Applied Minds – Looking to the future
As the weather seems to be taking on a distinctly autumnal feel and we prepare for the start of term there is opportunity to reflect on an event I attended in the summer. One of these was the ’Applied Minds – Looking to the future’ workshop, hosted by Mounts Bay School in the lovely settings of Tregenna Castle. The Applied Minds workshop provided ET with an opportunity to engage with teachers, from local primary and secondary schools who were meeting to share best practice and discuss the future of education.
I hosted two 20 minute round table discussions on the topic of games based learning (GBL) each of which started with an introduction to games based learning. Participants were particularly interested in successful examples of games being used for learning elsewhere, a couple of those that we looked at were:
A location based game simulating lion behaviour. Designed by Futurelab with the BBC National History Unit it enabled young children to role play the life of lions – players work together to carry out a series of ‘Lion Missions’ (such as marking territory, hiding cubs and hunting)
An East Lothian secondary school used Guitar hero for a whole term using the game as a basis for a personal research project on a rock star; a starting point for discussion regarding cultural and economic factors in different countries; to consider instruments used in different religions; looking at design and marketing merchandise; to build on geography lessons (planning tour etc).
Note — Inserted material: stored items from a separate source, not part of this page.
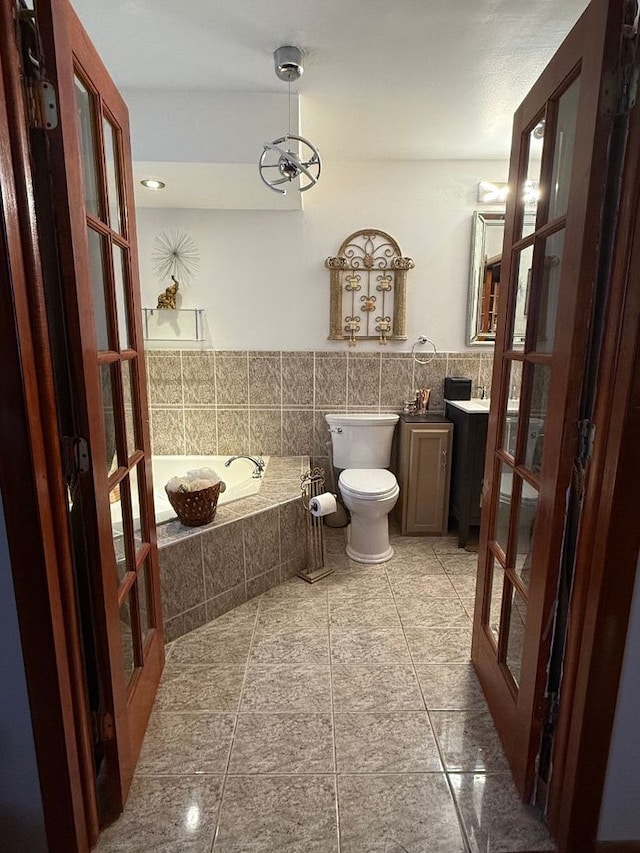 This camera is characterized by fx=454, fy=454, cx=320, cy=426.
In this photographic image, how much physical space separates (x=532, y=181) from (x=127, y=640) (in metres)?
1.89

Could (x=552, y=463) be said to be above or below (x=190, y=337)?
below

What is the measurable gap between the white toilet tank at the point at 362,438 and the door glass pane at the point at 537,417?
159cm

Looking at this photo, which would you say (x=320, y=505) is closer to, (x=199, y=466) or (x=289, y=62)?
(x=199, y=466)

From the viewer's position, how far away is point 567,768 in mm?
1139

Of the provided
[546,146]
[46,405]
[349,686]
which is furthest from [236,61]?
[349,686]

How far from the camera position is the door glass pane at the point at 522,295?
1382mm

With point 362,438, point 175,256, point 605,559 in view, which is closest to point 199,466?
point 362,438

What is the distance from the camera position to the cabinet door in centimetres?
289

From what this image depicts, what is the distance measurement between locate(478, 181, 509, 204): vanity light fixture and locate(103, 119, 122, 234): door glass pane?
2.43m

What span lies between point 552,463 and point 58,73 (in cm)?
138

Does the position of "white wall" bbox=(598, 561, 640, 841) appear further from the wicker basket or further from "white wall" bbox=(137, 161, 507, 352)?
"white wall" bbox=(137, 161, 507, 352)

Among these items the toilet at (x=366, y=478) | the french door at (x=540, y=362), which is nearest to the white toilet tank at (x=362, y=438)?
the toilet at (x=366, y=478)

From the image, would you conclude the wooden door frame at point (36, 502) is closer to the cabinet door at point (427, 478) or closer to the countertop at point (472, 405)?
the countertop at point (472, 405)

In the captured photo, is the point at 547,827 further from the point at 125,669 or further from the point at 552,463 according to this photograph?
the point at 125,669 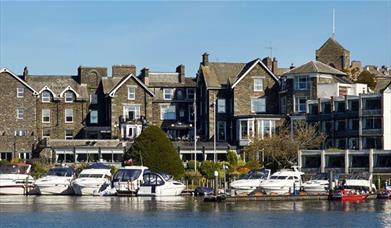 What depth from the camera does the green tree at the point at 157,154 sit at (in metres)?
Result: 87.6

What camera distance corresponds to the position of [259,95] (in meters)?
119

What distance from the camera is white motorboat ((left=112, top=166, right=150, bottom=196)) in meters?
79.1

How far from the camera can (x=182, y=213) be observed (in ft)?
205

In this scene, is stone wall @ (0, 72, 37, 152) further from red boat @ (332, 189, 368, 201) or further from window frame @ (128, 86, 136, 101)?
red boat @ (332, 189, 368, 201)

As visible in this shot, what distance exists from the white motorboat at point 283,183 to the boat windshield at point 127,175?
9.79 meters

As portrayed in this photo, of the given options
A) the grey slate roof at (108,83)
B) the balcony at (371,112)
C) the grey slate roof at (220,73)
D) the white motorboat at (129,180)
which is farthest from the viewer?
the grey slate roof at (108,83)

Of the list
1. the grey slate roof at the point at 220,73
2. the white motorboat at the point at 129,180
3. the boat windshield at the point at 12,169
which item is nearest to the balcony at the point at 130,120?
the grey slate roof at the point at 220,73

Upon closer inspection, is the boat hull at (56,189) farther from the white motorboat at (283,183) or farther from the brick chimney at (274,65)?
the brick chimney at (274,65)

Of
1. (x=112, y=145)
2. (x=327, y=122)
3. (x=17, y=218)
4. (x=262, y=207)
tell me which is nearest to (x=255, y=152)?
(x=327, y=122)

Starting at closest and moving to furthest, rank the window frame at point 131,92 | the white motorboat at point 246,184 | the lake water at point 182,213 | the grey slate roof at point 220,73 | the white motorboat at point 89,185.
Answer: the lake water at point 182,213, the white motorboat at point 246,184, the white motorboat at point 89,185, the grey slate roof at point 220,73, the window frame at point 131,92

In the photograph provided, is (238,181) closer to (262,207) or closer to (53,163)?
(262,207)

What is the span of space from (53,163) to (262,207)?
45.6 m

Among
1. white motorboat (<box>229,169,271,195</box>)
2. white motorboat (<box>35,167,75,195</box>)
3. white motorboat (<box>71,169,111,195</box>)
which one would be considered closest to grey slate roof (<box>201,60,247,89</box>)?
white motorboat (<box>35,167,75,195</box>)

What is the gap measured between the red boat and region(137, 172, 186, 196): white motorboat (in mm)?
12483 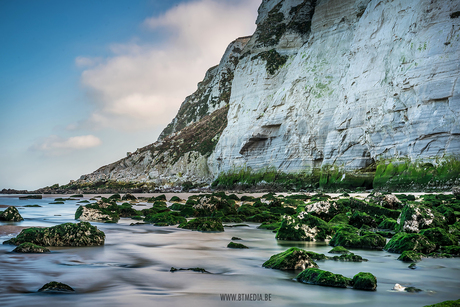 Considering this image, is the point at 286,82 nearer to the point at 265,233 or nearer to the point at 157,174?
the point at 157,174

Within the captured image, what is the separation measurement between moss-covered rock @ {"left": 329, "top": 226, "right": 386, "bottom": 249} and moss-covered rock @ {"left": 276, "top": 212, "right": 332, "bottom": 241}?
0.54 m

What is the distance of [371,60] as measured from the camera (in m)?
28.9

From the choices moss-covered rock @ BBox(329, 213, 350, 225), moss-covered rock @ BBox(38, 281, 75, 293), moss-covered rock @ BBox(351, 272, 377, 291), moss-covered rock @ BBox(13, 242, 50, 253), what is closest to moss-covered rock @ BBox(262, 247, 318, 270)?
moss-covered rock @ BBox(351, 272, 377, 291)

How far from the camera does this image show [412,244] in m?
6.90

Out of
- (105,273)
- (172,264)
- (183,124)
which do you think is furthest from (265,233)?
(183,124)

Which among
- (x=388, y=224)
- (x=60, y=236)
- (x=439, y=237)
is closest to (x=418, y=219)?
(x=439, y=237)

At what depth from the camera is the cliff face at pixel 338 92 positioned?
23.1m

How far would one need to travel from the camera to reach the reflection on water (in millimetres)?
3871

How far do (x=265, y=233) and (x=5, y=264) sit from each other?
252 inches

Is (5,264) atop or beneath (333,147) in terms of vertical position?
beneath

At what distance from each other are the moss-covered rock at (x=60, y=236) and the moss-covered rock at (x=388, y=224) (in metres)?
7.38

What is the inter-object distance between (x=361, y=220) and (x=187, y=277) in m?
6.57

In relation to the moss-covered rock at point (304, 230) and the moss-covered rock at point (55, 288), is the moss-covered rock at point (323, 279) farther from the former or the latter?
the moss-covered rock at point (304, 230)

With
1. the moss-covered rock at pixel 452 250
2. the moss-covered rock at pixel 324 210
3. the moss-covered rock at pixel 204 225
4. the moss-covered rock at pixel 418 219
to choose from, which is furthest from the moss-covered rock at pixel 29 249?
the moss-covered rock at pixel 418 219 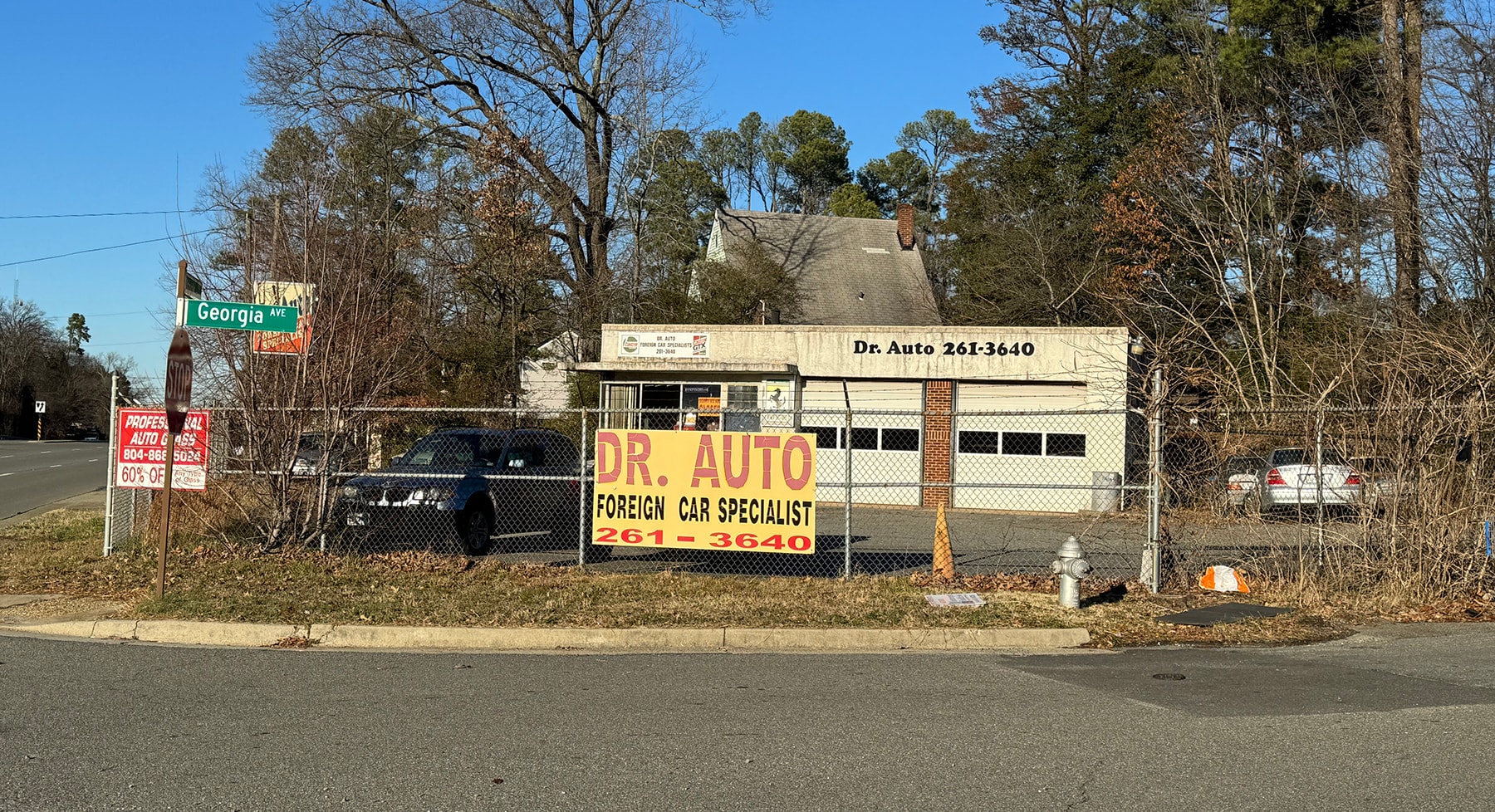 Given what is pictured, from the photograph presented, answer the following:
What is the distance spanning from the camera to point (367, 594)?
Result: 1012 cm

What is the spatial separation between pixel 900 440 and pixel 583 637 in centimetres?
1461

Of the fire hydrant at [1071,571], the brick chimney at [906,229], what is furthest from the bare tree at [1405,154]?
the brick chimney at [906,229]

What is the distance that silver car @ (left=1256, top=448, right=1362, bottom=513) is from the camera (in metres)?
10.8

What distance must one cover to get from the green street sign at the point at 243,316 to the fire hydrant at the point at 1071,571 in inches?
309

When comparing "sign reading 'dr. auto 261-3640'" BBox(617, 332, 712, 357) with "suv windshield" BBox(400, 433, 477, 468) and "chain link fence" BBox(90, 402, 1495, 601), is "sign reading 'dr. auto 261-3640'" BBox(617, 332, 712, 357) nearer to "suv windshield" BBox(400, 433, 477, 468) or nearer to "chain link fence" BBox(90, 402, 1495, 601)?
"chain link fence" BBox(90, 402, 1495, 601)

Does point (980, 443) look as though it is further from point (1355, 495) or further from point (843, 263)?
point (843, 263)

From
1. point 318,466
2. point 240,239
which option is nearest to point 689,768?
point 318,466

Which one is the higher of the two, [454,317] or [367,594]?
[454,317]

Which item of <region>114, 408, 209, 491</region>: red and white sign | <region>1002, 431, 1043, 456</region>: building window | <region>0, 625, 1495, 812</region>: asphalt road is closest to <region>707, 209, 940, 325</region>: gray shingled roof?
<region>1002, 431, 1043, 456</region>: building window

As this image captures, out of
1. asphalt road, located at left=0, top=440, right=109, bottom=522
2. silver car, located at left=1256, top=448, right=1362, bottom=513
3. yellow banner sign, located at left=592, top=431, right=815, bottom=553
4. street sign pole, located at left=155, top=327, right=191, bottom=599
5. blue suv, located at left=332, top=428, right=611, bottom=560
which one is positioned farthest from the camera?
asphalt road, located at left=0, top=440, right=109, bottom=522

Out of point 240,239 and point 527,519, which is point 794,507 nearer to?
point 527,519

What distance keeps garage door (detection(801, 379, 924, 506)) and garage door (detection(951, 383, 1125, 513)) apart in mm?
904

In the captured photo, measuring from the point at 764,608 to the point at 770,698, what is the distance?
266 cm

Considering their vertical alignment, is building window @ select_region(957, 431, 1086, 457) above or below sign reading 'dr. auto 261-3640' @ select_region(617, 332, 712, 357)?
below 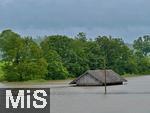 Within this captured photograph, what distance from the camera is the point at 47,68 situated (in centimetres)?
8662

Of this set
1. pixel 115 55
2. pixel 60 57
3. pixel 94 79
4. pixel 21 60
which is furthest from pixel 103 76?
pixel 115 55

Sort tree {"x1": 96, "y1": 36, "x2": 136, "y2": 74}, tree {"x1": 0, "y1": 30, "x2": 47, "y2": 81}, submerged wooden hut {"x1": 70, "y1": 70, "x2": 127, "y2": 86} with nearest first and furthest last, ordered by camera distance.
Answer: submerged wooden hut {"x1": 70, "y1": 70, "x2": 127, "y2": 86}, tree {"x1": 0, "y1": 30, "x2": 47, "y2": 81}, tree {"x1": 96, "y1": 36, "x2": 136, "y2": 74}

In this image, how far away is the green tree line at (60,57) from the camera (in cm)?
8250

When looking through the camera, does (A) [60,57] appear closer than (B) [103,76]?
No

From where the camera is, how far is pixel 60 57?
3659 inches

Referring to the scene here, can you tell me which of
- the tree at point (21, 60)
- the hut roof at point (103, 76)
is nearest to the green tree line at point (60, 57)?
the tree at point (21, 60)

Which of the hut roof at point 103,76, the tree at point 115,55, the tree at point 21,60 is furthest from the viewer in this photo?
the tree at point 115,55

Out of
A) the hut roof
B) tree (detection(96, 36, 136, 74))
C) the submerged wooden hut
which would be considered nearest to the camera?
the submerged wooden hut

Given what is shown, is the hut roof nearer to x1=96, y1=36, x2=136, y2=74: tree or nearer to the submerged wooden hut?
the submerged wooden hut

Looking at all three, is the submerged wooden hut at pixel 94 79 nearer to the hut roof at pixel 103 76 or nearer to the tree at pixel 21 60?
the hut roof at pixel 103 76

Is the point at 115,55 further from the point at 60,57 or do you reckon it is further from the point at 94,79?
the point at 94,79

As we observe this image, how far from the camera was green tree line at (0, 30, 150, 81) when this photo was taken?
82.5 metres

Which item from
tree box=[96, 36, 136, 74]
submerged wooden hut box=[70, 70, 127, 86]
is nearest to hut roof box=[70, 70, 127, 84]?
submerged wooden hut box=[70, 70, 127, 86]

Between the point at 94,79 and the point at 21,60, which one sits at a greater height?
the point at 21,60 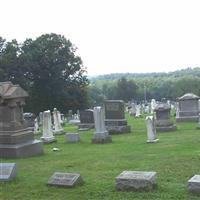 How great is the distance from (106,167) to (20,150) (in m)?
4.60

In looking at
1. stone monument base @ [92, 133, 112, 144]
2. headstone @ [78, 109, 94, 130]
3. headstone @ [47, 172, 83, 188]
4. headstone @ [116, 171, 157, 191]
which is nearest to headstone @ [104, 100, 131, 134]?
headstone @ [78, 109, 94, 130]

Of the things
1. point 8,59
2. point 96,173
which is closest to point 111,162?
point 96,173

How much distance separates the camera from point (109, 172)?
11766 millimetres

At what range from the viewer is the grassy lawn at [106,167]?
31.4 ft

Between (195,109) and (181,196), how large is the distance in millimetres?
22221

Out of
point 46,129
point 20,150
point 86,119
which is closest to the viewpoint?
point 20,150

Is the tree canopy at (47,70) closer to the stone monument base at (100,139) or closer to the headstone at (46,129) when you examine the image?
the headstone at (46,129)

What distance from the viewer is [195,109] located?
30.6 m

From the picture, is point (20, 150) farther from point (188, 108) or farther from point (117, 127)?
point (188, 108)

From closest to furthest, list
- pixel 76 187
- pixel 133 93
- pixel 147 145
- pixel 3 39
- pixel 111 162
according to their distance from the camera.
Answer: pixel 76 187
pixel 111 162
pixel 147 145
pixel 3 39
pixel 133 93

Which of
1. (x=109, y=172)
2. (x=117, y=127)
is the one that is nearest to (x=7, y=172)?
(x=109, y=172)

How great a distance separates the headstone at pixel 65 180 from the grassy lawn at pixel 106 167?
14 cm

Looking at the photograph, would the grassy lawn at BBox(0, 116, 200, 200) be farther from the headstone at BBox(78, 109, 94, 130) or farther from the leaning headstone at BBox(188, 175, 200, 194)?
the headstone at BBox(78, 109, 94, 130)

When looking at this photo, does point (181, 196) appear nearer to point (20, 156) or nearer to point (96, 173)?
point (96, 173)
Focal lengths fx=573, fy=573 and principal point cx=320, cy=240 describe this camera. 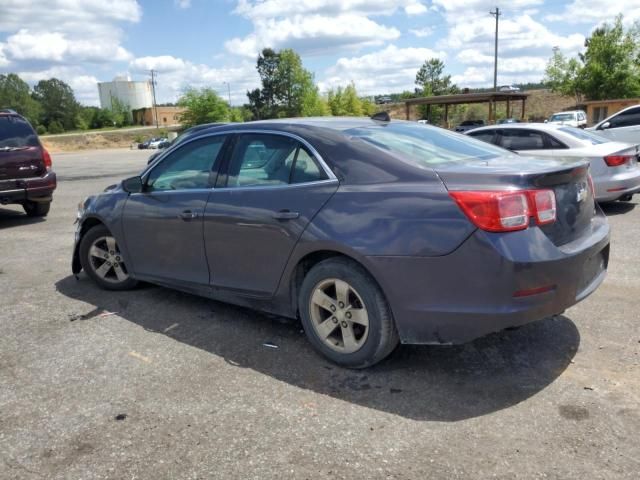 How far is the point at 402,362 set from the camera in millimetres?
3730

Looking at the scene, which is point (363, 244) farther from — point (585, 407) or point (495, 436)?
point (585, 407)

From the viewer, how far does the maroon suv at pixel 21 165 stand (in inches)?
370

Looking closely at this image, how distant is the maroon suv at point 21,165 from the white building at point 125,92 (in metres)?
144

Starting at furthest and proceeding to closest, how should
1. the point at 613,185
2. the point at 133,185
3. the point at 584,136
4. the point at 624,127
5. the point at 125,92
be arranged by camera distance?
the point at 125,92, the point at 624,127, the point at 584,136, the point at 613,185, the point at 133,185

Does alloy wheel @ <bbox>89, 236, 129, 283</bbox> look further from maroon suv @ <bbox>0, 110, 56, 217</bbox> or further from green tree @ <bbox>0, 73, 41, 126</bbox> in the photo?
green tree @ <bbox>0, 73, 41, 126</bbox>

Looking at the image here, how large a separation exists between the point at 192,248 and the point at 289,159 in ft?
3.68

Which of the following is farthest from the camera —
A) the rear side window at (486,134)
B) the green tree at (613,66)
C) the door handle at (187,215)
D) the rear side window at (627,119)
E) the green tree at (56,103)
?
the green tree at (56,103)

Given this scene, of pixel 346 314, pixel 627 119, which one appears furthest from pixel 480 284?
pixel 627 119

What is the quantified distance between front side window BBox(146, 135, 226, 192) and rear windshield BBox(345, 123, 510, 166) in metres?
1.17

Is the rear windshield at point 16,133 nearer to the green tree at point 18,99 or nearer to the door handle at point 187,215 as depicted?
the door handle at point 187,215

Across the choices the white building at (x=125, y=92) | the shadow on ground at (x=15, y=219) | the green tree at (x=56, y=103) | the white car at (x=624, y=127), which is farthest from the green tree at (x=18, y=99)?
the white car at (x=624, y=127)

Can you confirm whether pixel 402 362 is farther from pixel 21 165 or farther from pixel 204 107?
pixel 204 107

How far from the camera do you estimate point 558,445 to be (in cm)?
275

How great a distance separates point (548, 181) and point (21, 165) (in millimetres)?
8955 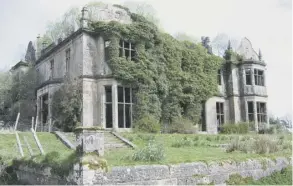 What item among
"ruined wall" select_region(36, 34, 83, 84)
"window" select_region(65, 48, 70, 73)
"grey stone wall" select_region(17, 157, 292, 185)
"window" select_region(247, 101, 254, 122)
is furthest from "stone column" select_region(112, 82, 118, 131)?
A: "window" select_region(247, 101, 254, 122)

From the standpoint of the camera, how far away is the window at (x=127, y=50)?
2509 cm

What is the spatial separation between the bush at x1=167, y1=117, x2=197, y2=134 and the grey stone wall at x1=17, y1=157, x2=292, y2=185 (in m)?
14.2

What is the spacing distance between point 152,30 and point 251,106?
13171 mm

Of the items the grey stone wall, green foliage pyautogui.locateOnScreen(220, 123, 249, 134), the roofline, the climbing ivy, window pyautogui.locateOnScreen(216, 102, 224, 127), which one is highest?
the roofline

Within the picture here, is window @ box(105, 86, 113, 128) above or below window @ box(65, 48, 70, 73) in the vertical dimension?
below

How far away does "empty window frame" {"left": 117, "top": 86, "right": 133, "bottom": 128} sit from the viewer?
80.3ft

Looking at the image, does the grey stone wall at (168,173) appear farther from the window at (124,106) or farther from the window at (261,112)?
the window at (261,112)

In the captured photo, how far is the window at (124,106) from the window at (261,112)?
14.3 meters

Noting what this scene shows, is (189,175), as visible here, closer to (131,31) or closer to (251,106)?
(131,31)

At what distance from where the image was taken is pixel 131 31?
25375 mm

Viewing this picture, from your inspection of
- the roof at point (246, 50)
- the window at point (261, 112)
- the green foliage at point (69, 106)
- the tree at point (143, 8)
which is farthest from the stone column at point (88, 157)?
the tree at point (143, 8)

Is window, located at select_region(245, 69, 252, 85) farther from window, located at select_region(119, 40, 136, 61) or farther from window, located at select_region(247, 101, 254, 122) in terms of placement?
window, located at select_region(119, 40, 136, 61)

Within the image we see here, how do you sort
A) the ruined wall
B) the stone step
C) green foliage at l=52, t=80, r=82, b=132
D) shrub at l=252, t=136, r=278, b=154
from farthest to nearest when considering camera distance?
1. the ruined wall
2. green foliage at l=52, t=80, r=82, b=132
3. the stone step
4. shrub at l=252, t=136, r=278, b=154

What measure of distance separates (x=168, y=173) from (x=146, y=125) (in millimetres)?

What followed were some really interesting conversations about how games can be incorporated into teaching, with some participants already having experience of this. There were many perceived benefits expressed by the teachers using GBL, the two most common being increasing pupil motivation and being able to allow students (or players) to draw upon and develop a wide range of skills. We over-ran our 20 minute slot on both occasions, often drawing the interest of other workshop delegates passing by. It’s safe to say the enthusiasm for GBL is healthy, and given the time and resources we will see GBL increasingly present in mainstream education.